In order for diversity jurisdiction to attach, the amount in controversy must exceed $75,000. 28 U.S.C. § 1332. In determining the requisite jurisdictional amount, both punitive damages and attorneys' fees are considered. State of Missouri, ex rel. Pemiscot County, Missouri v. Western Surety Co., at 173; Larkin v. Brown, at 388-89; Allison, et al. v. Security Benefit Life Ins. Co., at 1215; Capitol Indem. Corp. v. Miles, 978 F.2d 437, 438 (8th Cir.1992); Visintine v. Saab Automobile A.B., et al., at 487. In considering the inclusion of punitives in the computation of the jurisdictional amount, the "existence of the required amount must be supported by competent proof." Larkin, at 388-89 quoting Esler v. Northrop Corp., 86 F.R.D. 20, 28 (W.D.Mo.1979). A claim for punitive damages must be more closely scrutinized than a claim for actual damages in order to "ensure that Congress's [sic] limits on diversity jurisdiction are properly observed." Pemiscot County, at 173; see also, Larkin, at 389; Visintine, at 498.
Finally, the "well-pleaded complaint" rule requires that the basis of federal jurisdiction appear from the fact of the complaint and not from the plaintiff's anticipation of defenses or the defendant's responsive pleadings. Reding v. FDIC, 942 F.2d 1254, 1257 (8th Cir. 1991). Any doubts about the validity of removal jurisdiction must be resolved in favor of remand of the action to state court. In re Business Men's Assurance Co. of America, 992 F.2d 181, 183 (8th Cir.1993).
After careful consideration of the matter, in accordance with the afore-referenced legal principles, this Court determines that defendant has failed to meet its burden in establishing diversity jurisdiction and that this action should be remanded to the state court.
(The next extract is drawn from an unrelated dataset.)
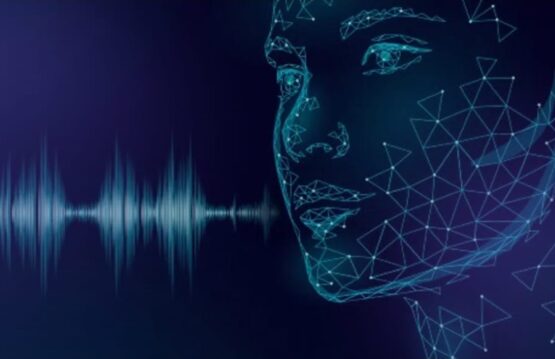 voice-ai-solutions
Defendant Paradigm asserts that the jurisdictional amount has been met by virtue of another dispute currently being arbitrated. It asserts that no contract exists between plaintiff and defendant but rather the only contract bearing on this dispute exists between plaintiff and another entity known as Tri-State Insurance Co. Furthermore, defendant asserts that since the damages asserted in this other dispute involves over $400,000, then ipso facto, the dispute in this case involves at least $400,000. Finally, defendant asserts that the jurisdictional amount is met because plaintiff's claim for punitives and attorneys' fees must total over $75,000.
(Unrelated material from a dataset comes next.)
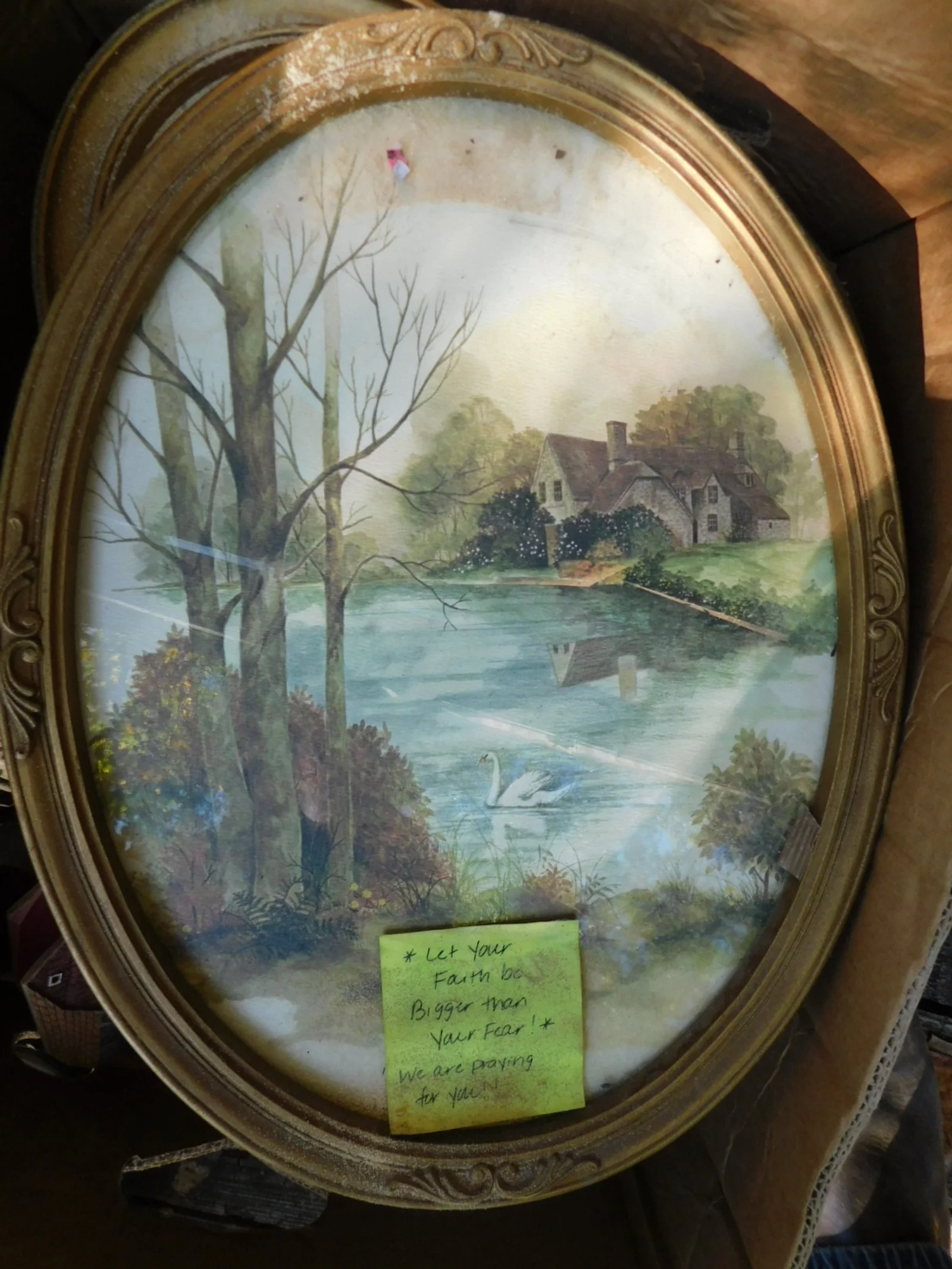 DSCN8154.JPG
The Court finds defendant's arguments for removal jurisdiction to be meritless. Plaintiff's cause of action is against *1092 defendant Paradigm, not some other entity known as Tri-Star Insurance. Whether or not a contractual relationship exists between these two parties goes to the merits of the action, and is not a proper issue for consideration regarding diversity jurisdiction. The fact that another dispute exists between plaintiff and Tri-Star and that dispute involves damages in excess of $400,000.00 is irrelevant to this Court's consideration of whether the jurisdictional amount has been met in this case. Defendant has offered no caselaw which supports its contention that damages involved in another lawsuit involving the plaintiff can be imputed to this lawsuit in order to meet the jurisdictional amount.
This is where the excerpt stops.